In the 1990s three college campuses in California exploded as Chicano/a and Latino/a students went on hunger strikes. Through courageous self-sacrifice, these students risked their lives to challenge racial neoliberalism, budget cuts, and fee increases. The strikers acted and spoke spectacularly and, despite great odds, produced substantive change.

Social movement scholars have raised the question of why some people risk their lives to create a better world. In Starving for Justice, Ralph Armbruster-Sandoval uses interviews and archival material to examine people’s willingness to make the extreme sacrifice and give their lives in order to create a more just society.

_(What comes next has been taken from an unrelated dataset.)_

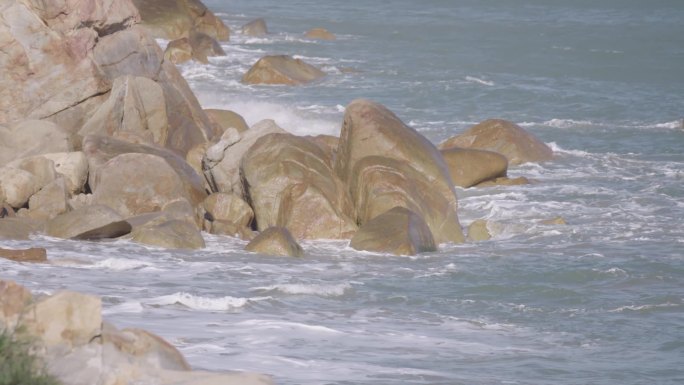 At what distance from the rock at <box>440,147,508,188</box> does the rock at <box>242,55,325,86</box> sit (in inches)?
444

Popular memory and scholarly discourse around social movements have long acknowledged the actions of student groups during the 1960s. Now Armbruster-Sandoval extends our understanding of social justice and activism, providing one of the first examinations of Chicana/o and Latina/o student activism in the 1990s.

Students at University of California, Los Angeles; University of California, Santa Barbara; and Stanford University went on hunger strikes to demand the establishment and expansion of Chicana/o studies departments. They also had even broader aspirations—to obtain dignity and justice for all people. These students spoke eloquently, making their bodies and concerns visible. They challenged anti-immigrant politics. They scrutinized the rapid growth of the prison-industrial complex, racial and class polarization, and the university’s neoliberalization. Though they did not fully succeed in having all their demands met, they helped generate long-lasting social change on their respective campuses, making those learning institutions more just.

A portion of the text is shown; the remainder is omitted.